TAMPA, Fla. — Mitt Romney oozed confidence and a defiant Newt Gingrich seemed to acknowledge his momentum had been checked, at least for now, as Florida Republicans voted Tuesday to decide who gets the state's 50 delegates, the biggest prize yet in the Republican presidential nomination contest.
Romney is heavily favored in the winner-take-all primary, the final and possibly pivotal contest in a high-stakes month in which the former Massachusetts governor has claimed one win and two second-place finishes so far. On Monday, he campaigned so optimistically that he broke into song.
Without predicting a winner or endorsing a candidate, Sen. Marco Rubio, R-Fla., told CNN on Tuesday: "The winner of Florida is in all likelihood going to be the nominee of our party."
But Gingrich would have none of that talk. Outside a polling place in Orlando Tuesday, he told reporters the race wouldn't be decided until June or July — "unless Romney drops out earlier."
In Palm Beach, Julian Stoopler, a 68-year-old investment adviser, said he's always liked Gingrich but ultimately decided to vote for former business leader Romney. "The condition of the country has deteriorated so badly that we need a CEO to turn it around," Stoopler said.
In Miami's Little Havana, car salesman Osvaldo Mitat, 69, favored Gingrich. He's impressed by the former House speaker's "commitment to the Cuban community," Mitat said, and Gingrich's marital history doesn't bother him — Mitat has been divorced four times himself.
"Romney also has a past," he said. "Everyone has a past."
For a time, Gingrich reset the GOP race with an overwhelming victory in South Carolina. But in the 10 days since, the contest has turned increasingly hostile and polls have swung in Romney's direction.
"With a turnout like this, I'm beginning to feel we might win tomorrow," an upbeat Romney told a crowd of several hundred at a stop in Dunedin on Monday.
Gingrich admitted that his momentum against Romney has slowed in Florida.
"He can bury me for a very short amount of time with four or five or six times as much money," Gingrich said in a television interview. "In the long run, the Republican Party is not going to nominate ... a liberal Republican."

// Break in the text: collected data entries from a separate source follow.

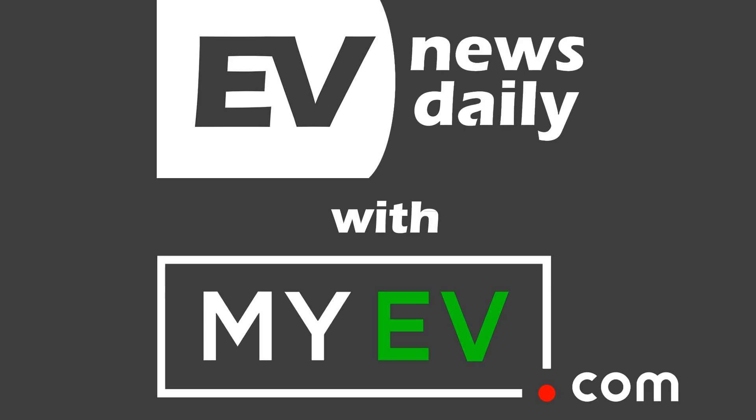Coming up on today's show: breakthroughs in battery technology, the 2021 Audi e-tron GT driven on the streets of Los Angeles, and helping car dealers make the most of EVs so they can help you.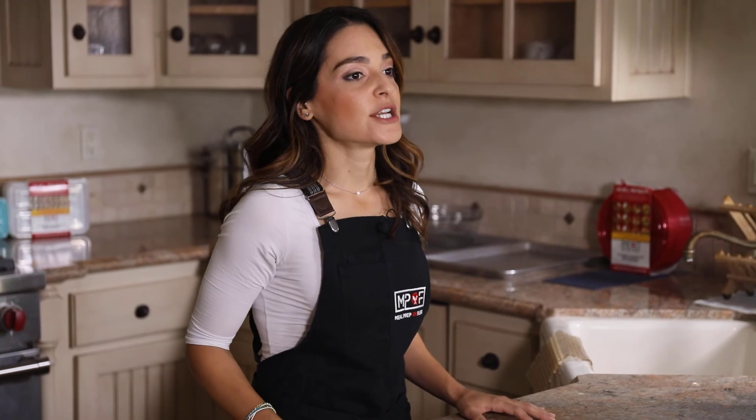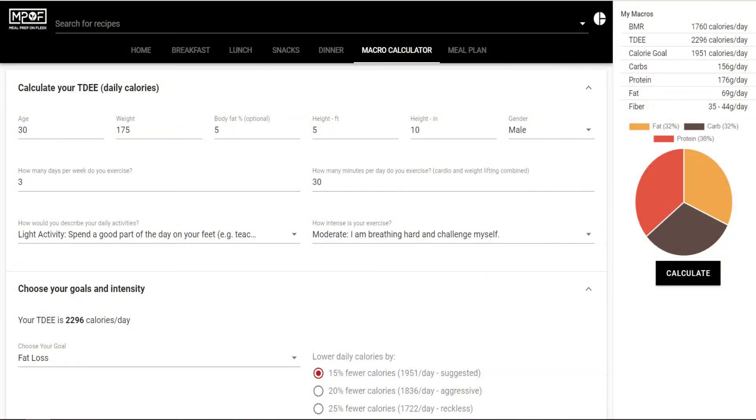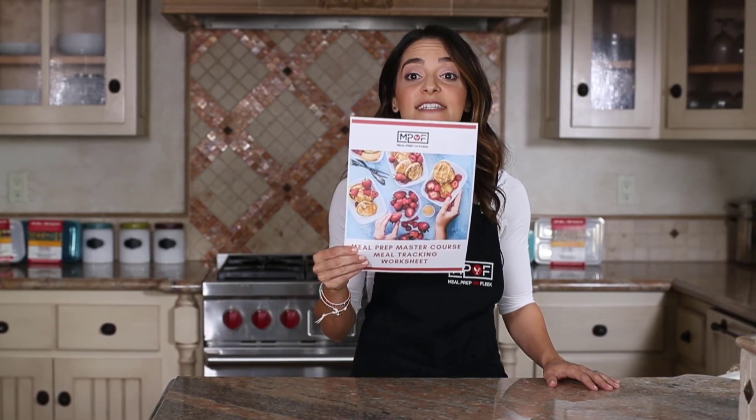Your optimal macro ratio depends on your goals, your sex, age, weight, lifestyle, physical activity, and your body type. Use the Meal Prep on Fleek macro calculator linked below in this lesson to figure out your individual needs. Always prioritize what your body really needs and use this info as a helpful guide. It requires a bit of discipline at first to figure out how different foods fit your individual macro needs, but it's worth it if you want to reach a specific macro target goal. Make sure to download the meal tracking worksheet included in this lesson.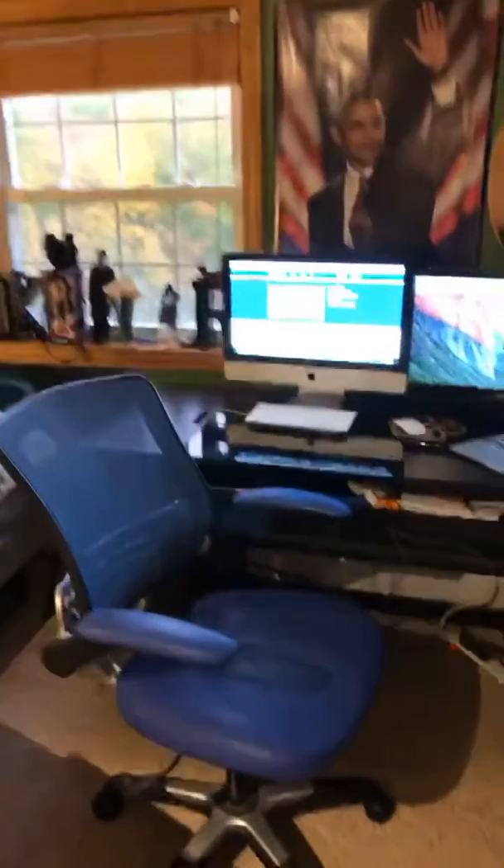That's what our new studio slash newsroom looks like now. I hope you all enjoy the new look and the new background. Thank you all for watching — we love all of our viewers and fans. Have a wonderful night, everyone, and I will talk to you all later. Bye.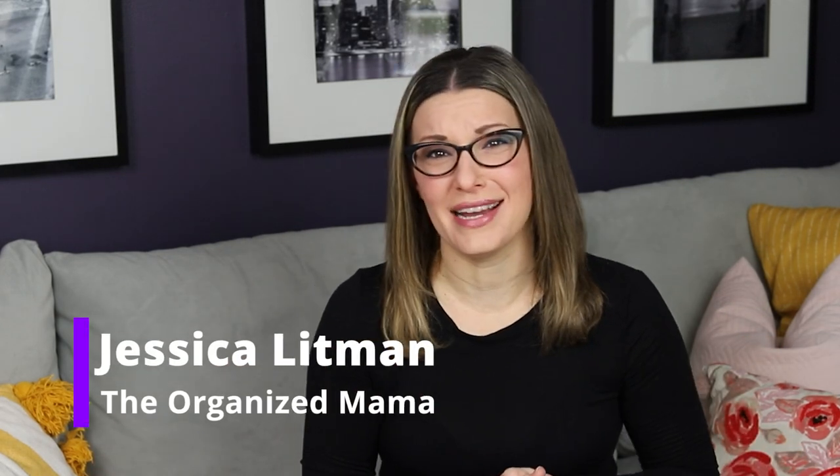I'm Jessica at The Organized Mama, and I help families with organizing tips, tricks, and tutorials everyone can follow. For almost nine years now, I have been supporting families through organizational tutorials, in-home organizing, and virtual organizing. All of these categories that I see are things that I know at least one person has in their home.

The Gingrich campaign bragged that he had raised more than $5 million in January, more than half following his win in South Carolina, after raising $10 million total for the last three months of 2011.

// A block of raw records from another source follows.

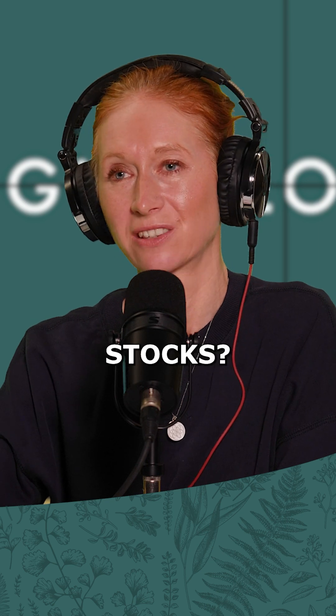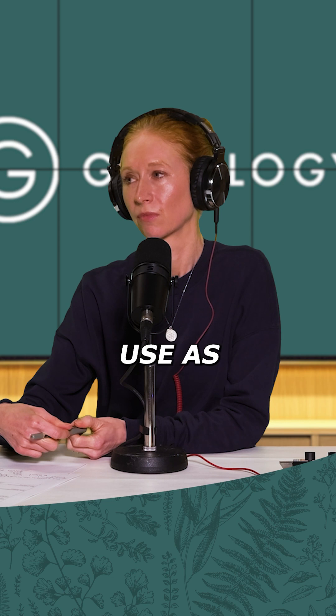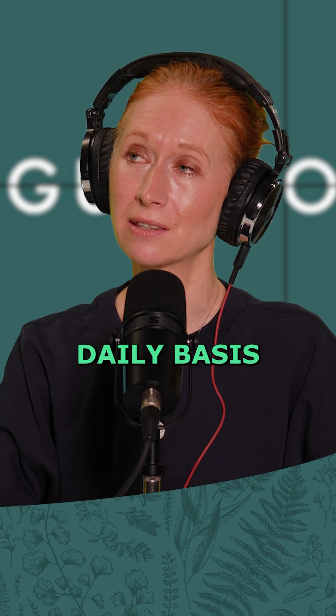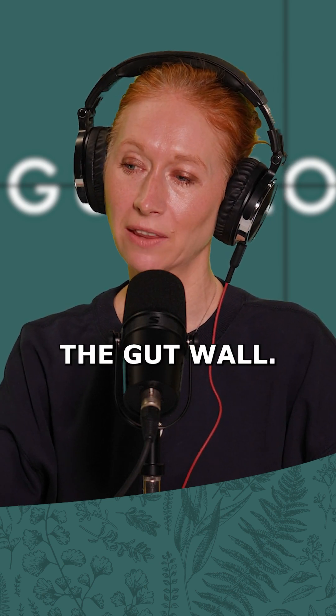Have you ever heard of bone broths or meat stocks? Yes, I very occasionally bought them just to use as stocks. That might be really interesting then to see how you respond to doing it regularly, on a daily basis, and just see how you feel — because the nutrition in there helps repair the gut wall.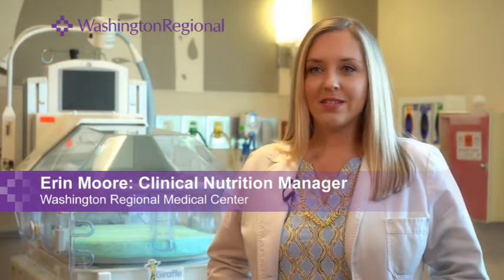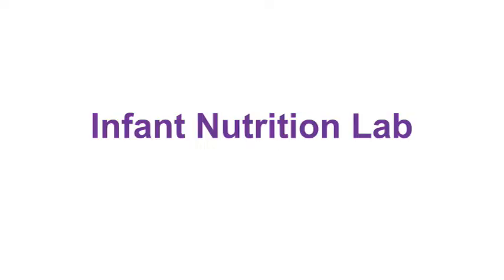I'm Erin Moore, the Clinical Nutrition Manager at Washington Regional. I oversee the dieticians in the system as well as the Infant Nutrition Lab staff. Washington Regional is the only hospital in this area with a centralized milk preparation room. The Infant Nutrition Lab services babies mostly in the Neonatal Intensive Care Unit, or the NICU.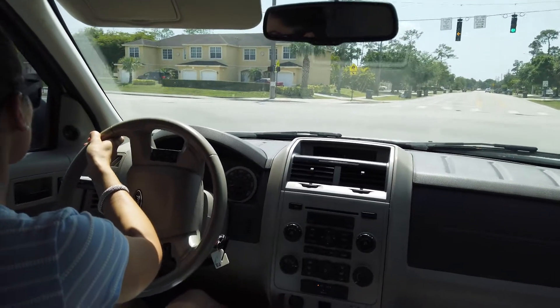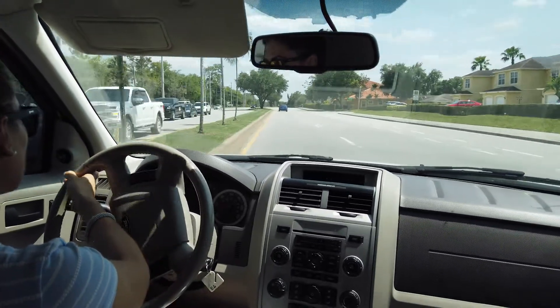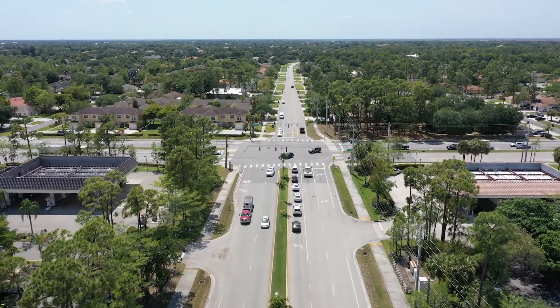Then look straight ahead for oncoming traffic, including bicycles. They have the right of way too. Only enter the intersection when it is clear and you can safely complete your turn.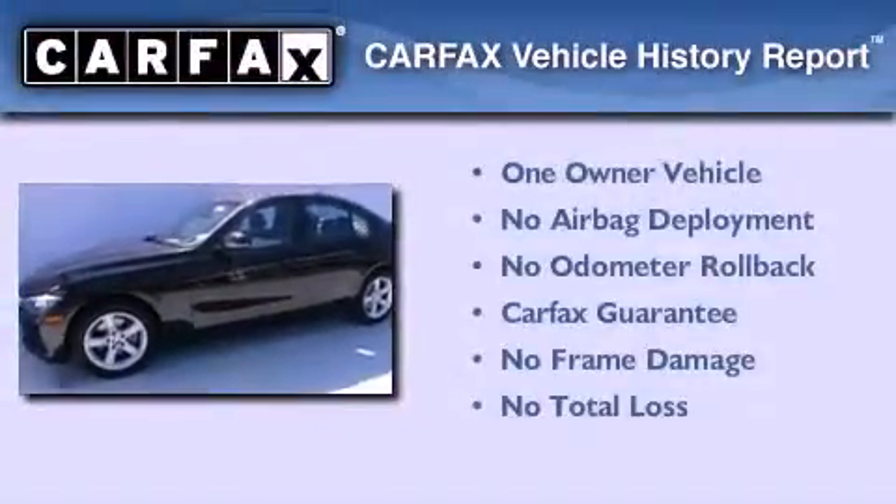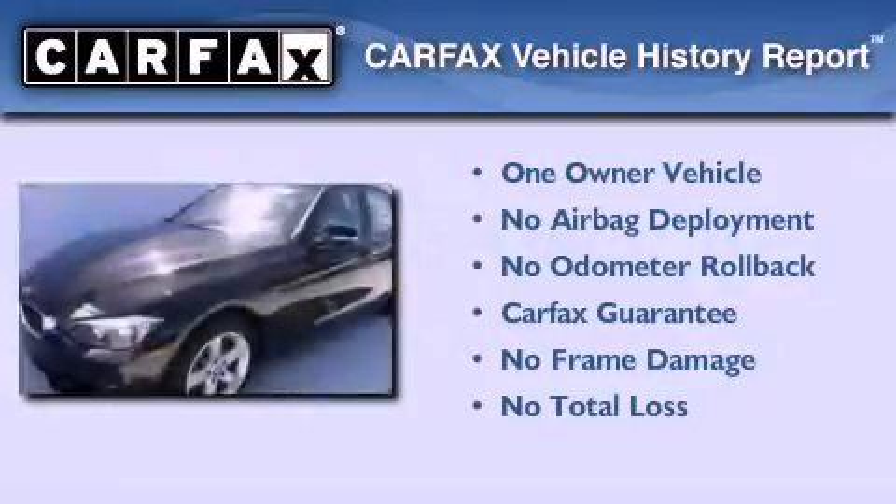This BMW has had only one owner and it qualifies for the Carfax buyback guarantee.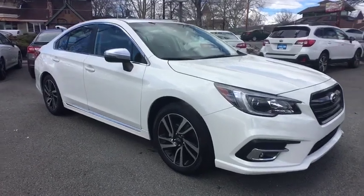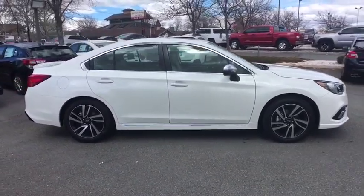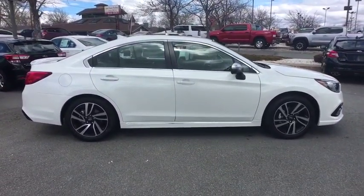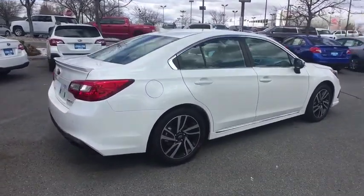2019 Subaru Legacy. The Subaru Legacy offers a roomy interior and a dynamic drive you feel every second you're in the driver's seat. It's a refreshing alternative to the alternatives.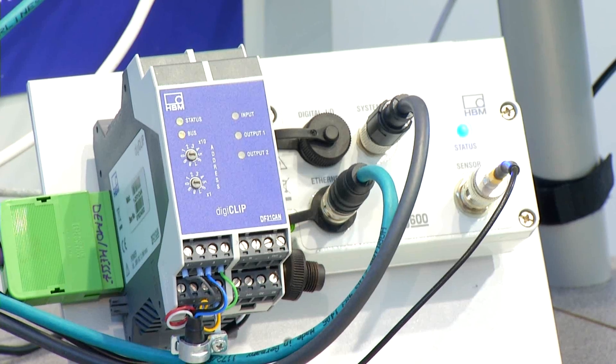HBM offers services for the commissioning, or even in advance while designing the plant. Application engineers perform their work on site to allow the user to selectively and efficiently assist in the preparation of measurement and testing tasks.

Romney's campaign canceled a Tuesday morning rally, but scheduled a night celebration at the Tampa Convention Center. Gingrich planned a series of public appearances — including visits to two polling stations and a stop at the Polk County headquarters — before gathering with supporters for a primary night party in Orlando. The last polls close at 8 p.m.

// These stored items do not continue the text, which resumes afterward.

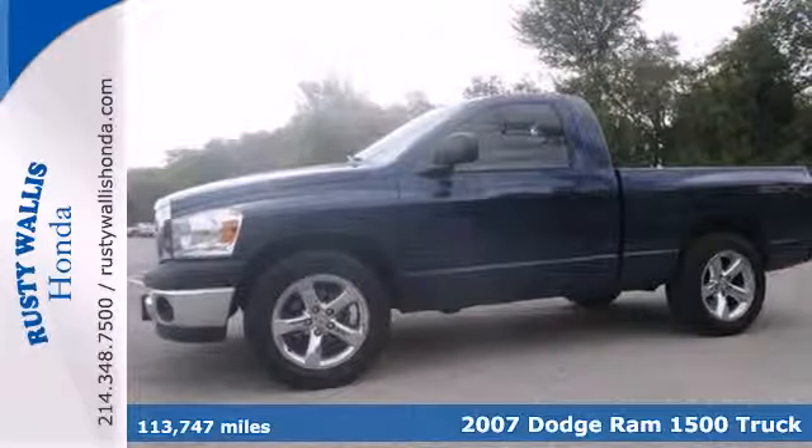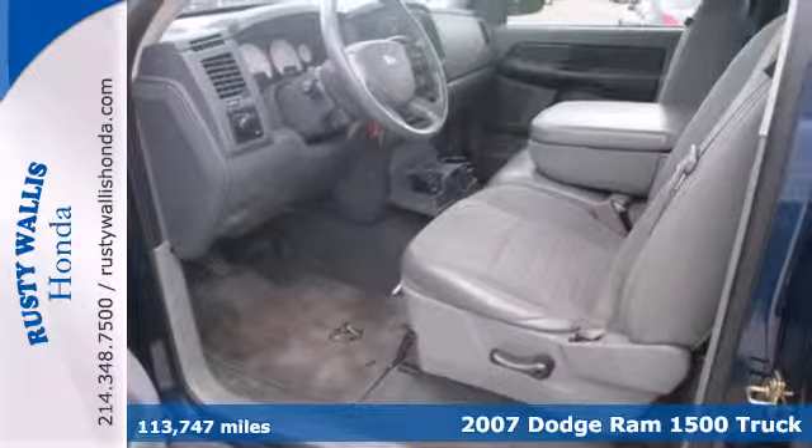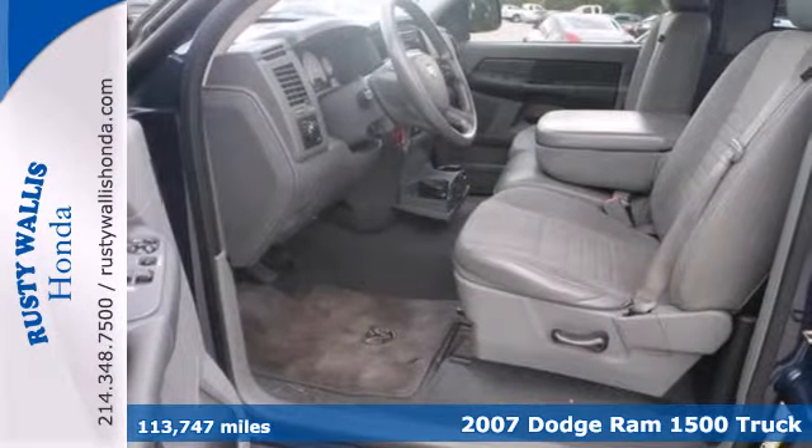Here's a 2007 Dodge Ram 1500. Standard features include tilt steering, a front stabilizer bar, trailer wiring, and a CD player.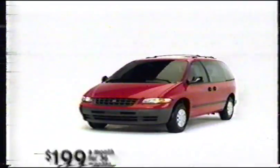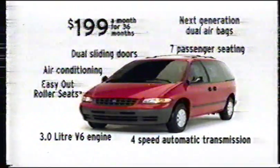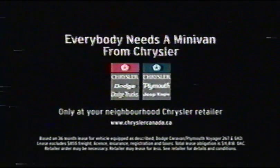And now the '98 Dodge Caravan and Plymouth Voyager comes nicely equipped for only $199 a month for 36 months. Need a minivan? See your neighborhood Chrysler retailer now.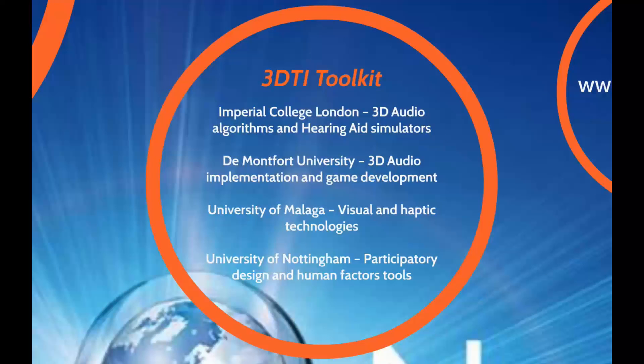The 3D TuneIn project will create a toolkit led by Imperial College London covering 3D audio algorithms and hearing aid simulators; Montfort University in Leicester, UK, handling 3D audio implementation and game development; the University of Malaga in Spain covering visual and haptic technologies; and the University of Nottingham in the UK covering participatory design and human factor tools.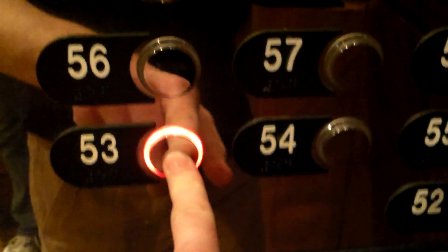Here is the elevator at the Trump International Hotel and Tower. The attendant greets us: 'What floor are you going to, sir?' We're going to 53. '53, alright. Thank you.' 'You're welcome.'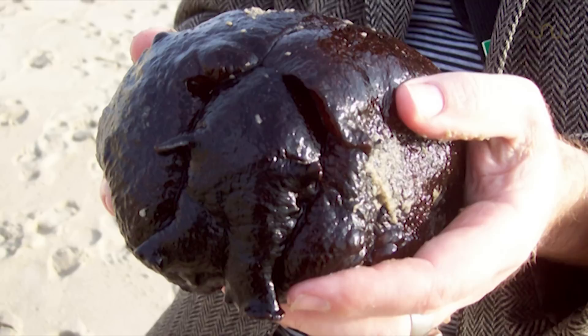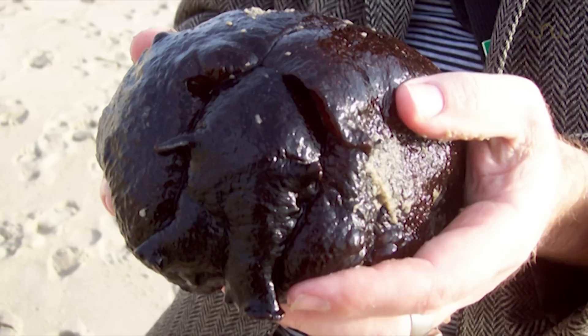So the California Sea Hare appears to utilize several different strategies to distract, attract, and inhibit its adversaries.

During his final event on primary eve, at The Villages in central Florida, Romney broke into song, leading the crowd in a reverent rendition of "America the Beautiful," instead of just reciting the lyrics as he typically does.
The path to the Republican nomination — and the right to face President Barack Obama this fall — shifts to a series of lower-profile contests in February. The race for delegates is still in its early stages. A candidate needs to collect 1,144 delegates to win. Coming into Florida, Romney had 37 delegates to Gingrich's 26.
The other two candidates in the race will not be in Florida on Tuesday. Both Rick Santorum, who's won 14 delegates, and Ron Paul, with 4, have ceded Florida's primary to Romney and Gingrich in favor of smaller, less expensive contests. They will spend the day campaigning across Colorado and Nevada.
Romney and his allies have poured more than $14 million into Florida television advertising primarily to attack Gingrich, who has struggled to compete with Romney's fundraising ability, staffing and network of high-profile supporters. Gingrich and his allies spent roughly $3 million on Florida advertising.
Santorum bristled Tuesday when asked about Gingrich seeming to suggest the Pennsylvania senator should quit the race because Gingrich was the conservative most likely to defeat Romney.
"I don't think people should be telling other folks to get out of the race and get out of the way," Santorum told Fox News Channel. "You don't ask someone to quit just because you think you're the better candidate. I think I'm the better candidate."
GOP officials in Florida were anticipating a big turnout, more than 2 million voters, up from a record 1.9 million in the Republican primary in 2008. More than 605,000 Floridians had already voted as of Monday, either by visiting early voting stations or by mailing in absentee ballots, ahead of the total combined early vote in the GOP primary four years ago.